Credit: arvin.temkar@ajc.com
Credit: arvin.temkar@ajc.com
The new LP chronicles the aftermath of a breakup that occurred roughly two years ago. At the time, Trey lived in Los Angeles and admits that he embarked on a bitter summer feud with his ex just to prove how much he didn’t care about her, although he did. Things got as petty as subliminal Instagram posts and awkward run-ins with them arguing in public.
“I’d Rather Not,” the album’s opener, is backed by booming chords that blare so loudly in the beginning to introduce an important declaration that Trey wants you to know: he’s no longer responding to texts from his ex (“Thinking to myself, ‘Oh my god can’t go down this road again’/ [Expletive] so hard cause I can’t hold back the feelings I’m holding in,” he sings on the track). The acoustic strings of “Redwing Drive” make Trey’s detailed reflection on the demise of his relationship sound like a sweet lullaby. But, by the end of the song, it transforms into bars of denial that attempt to mask his pain. “Ain’t Even Friends,” which features Mariah the Scientist, finds the pair trading lines about how much they mourn a failed romance.

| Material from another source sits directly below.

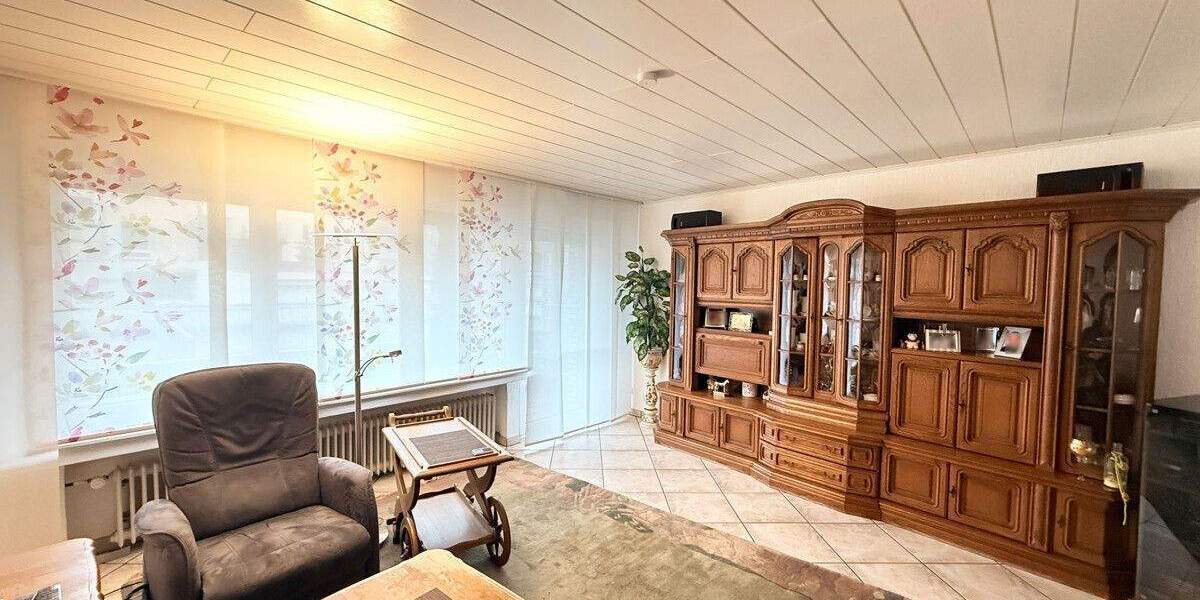 Zentral wohnen in Dinslaken - 3,5-Zimmer-Eigentumswohnung mit Balkon & Garage 3 zimmer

“(We were) trying to one up each other in hopes of making each other jealous, so like staying outside, talking to new people we didn’t really care about just to get under each other’s skin knowing neither of us are really like outside type of people,” the 24-year-old said about the breakup. “Regardless of how fine we may act like we are, we’re just hurt it ended the way it did... I may look like I’ve moved on, but the streets are telling her the opposite and it sounds more like I missed her and I’m telling her the same thing.”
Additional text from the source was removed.